The Necropolitical Architecture of State Capture
State capture in South Africa represents more than the conventional understanding of regulatory capture or grand corruption. Rather, it embodies what Mbembe identifies as the contemporary manifestation of necropower—the capacity to expose populations to conditions of “living death” while simultaneously ensuring the privileged accumulation of resources by those who control the sovereign machinery. The Zondo Commission’s findings reveal that state capture involved “the allocation and distribution of state power and resources, directed not for the public good but for private and corrupt advantage”, creating what can be understood as a systematic necropolitical project.

Figure 1: The Necropolitical Apparatus in Post-Apartheid South Africa – A hierarchical framework showing how necropolitical power operates through four interconnected levels to create and maintain “deathworlds” through systematic corruption and state capture.
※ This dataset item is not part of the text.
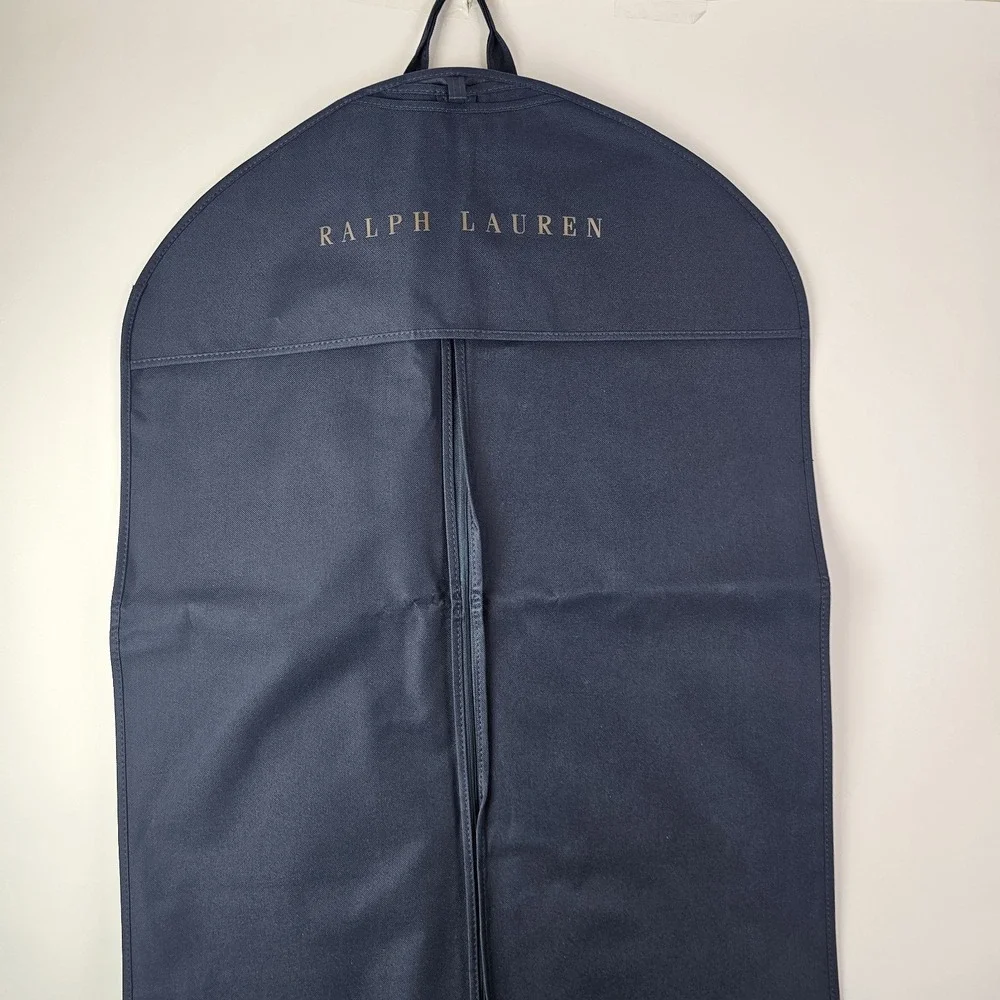 Ralph Lauren Long Navy Blue Travel Storage Garment Bag Gold Letters Quiet Luxury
The apparatus of state capture during the Zuma administration exemplifies the necropolitical logic whereby the state’s primary function becomes the management of death rather than the fostering of life. Through the deliberate weakening of institutions such as the South African Revenue Service (SARS), the systematic looting of state-owned enterprises like Eskom and Transnet, and the manipulation of law enforcement agencies, the captured state created conditions that Mbembe would recognize as characteristic of contemporary necropolitics. These actions produced what can be termed “slow violence”—a form of structural violence that operates through the gradual erosion of life-sustaining infrastructure and services.

Figure 2: State Capture Process Flow in South Africa – A sequential process diagram illustrating how state capture evolved from network formation through institutional infiltration to resource extraction and protection mechanisms during the Zuma administration.
The concept of “slow violence,” developed by Rob Nixon and increasingly applied to understand structural forms of oppression, provides a crucial lens for analyzing how corruption functions as a necropolitical strategy. In the South African context, the systematic degradation of public services, the collapse of municipal infrastructure, and the erosion of educational and healthcare systems represent forms of slow violence that disproportionately affect the most vulnerable populations. This process creates what Mbembe describes as “deathworlds”—spaces where populations are subjected to conditions of existence that blur the boundaries between life and death.
The African National Congress and the Institutionalization of Corruption
The African National Congress (ANC), once celebrated as the vanguard of liberation, has increasingly become what scholars identify as a vehicle for necropolitical governance. The party’s transformation from a liberation movement to what critics describe as a “corrupt cadre” entity reflects the broader post-colonial trajectory that Mbembe analyzes in his work on necropolitics. The ANC’s deployment of cadres throughout state institutions, combined with its tolerance of corruption among its leadership, has created what amounts to a systematic necropolitical apparatus.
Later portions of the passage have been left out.